Alcohol bans will return across the Northern Territory under a plan announced on Monday.

Alcohol bans will return across the Northern Territory under a plan announced on Monday. Photo: Getty

Alcohol bans will be reinstated in central Australia, banning the sale of alcohol to Aboriginal people living in town camps and remote communities.

Northern Territory Chief Minister Natasha Fyles announced the bans on Monday.

She will introduce urgent legislation in the NT parliament next week to reinstate the bans.

“For far too long decisions about Alice Springs and the NT have been made in Canberra, with little to no consultation with the people that these decisions impact upon. And today this changes,” Ms Fyles said.

The NT government will bring forward legislation to strengthen alcohol restrictions. I want to be clear – this is not Stronger Futures, but NT
legislation that allows a clear process. Then plan will follow community practices.”
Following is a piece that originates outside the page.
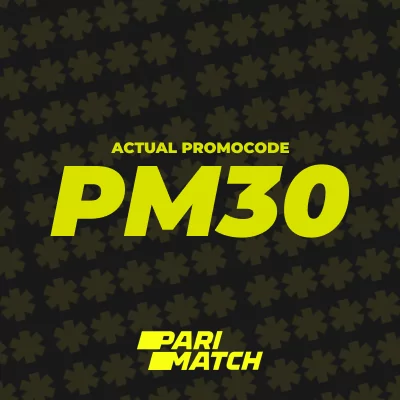 Promoção real Parimatch para jogadores do Brasil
Albanese visits Alice Springs amid crime wave

The decision comes after Prime Minister Anthony Albanese visited Alice Springs during January  amid growing frustration at alcohol-fuelled violence and theft in the town.

Mr Albanese confirmed the plan in Parliament on Monday.
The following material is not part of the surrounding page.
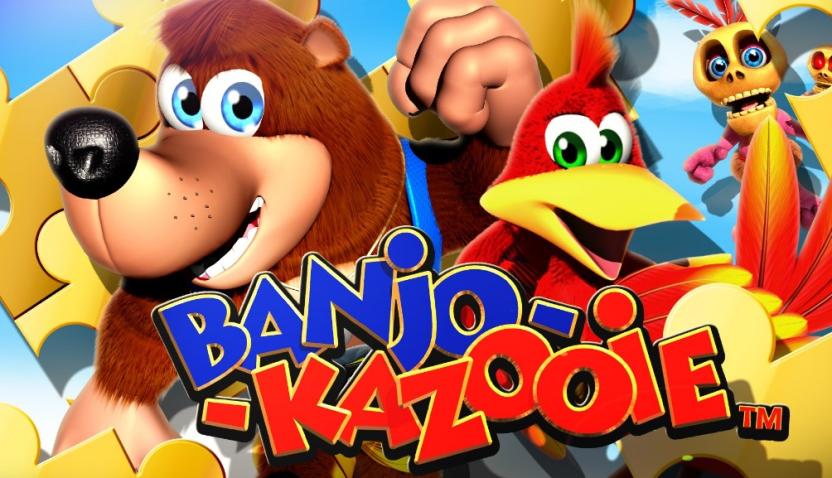 Banjo-Kazooie is coming to PC with multiple improvements thanks to an unofficial port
“This isn’t just about alcohol. Indeed, of the 96 remote communities in the Northern Territory, 88 of them are dry,” he said.

“This is about intergenerational disadvantage. It is about a lack of employment services, a lack of community services, a lack of educational opportunity. This is intergenerational disadvantage.”

The government has also committed $250 million to the Central Australia Plan for such things as community engagement, youth diversion and on-country learning.

Ms Fyles said the updated alcohol restrictions were based on the recommendations of the new central Australian regional controller Dorrelle Anderson.

Ms Anderson, who was appointed after Mr Albanese’s visit, reviewed the territory’s opt-in alcohol restrictions, which replaced expired Intervention-inspired liquor bans last year.

Under the new legislation, communities can apply to opt out of the ban, as long as 60 per cent of residents support the decision and they have an alcohol management plan.

Earlier on Monday, Indigenous senator Jacinta Nampijinpa Price made an impassioned plea for alcohol bans to return in Alice Springs to tackle a surging crime wave.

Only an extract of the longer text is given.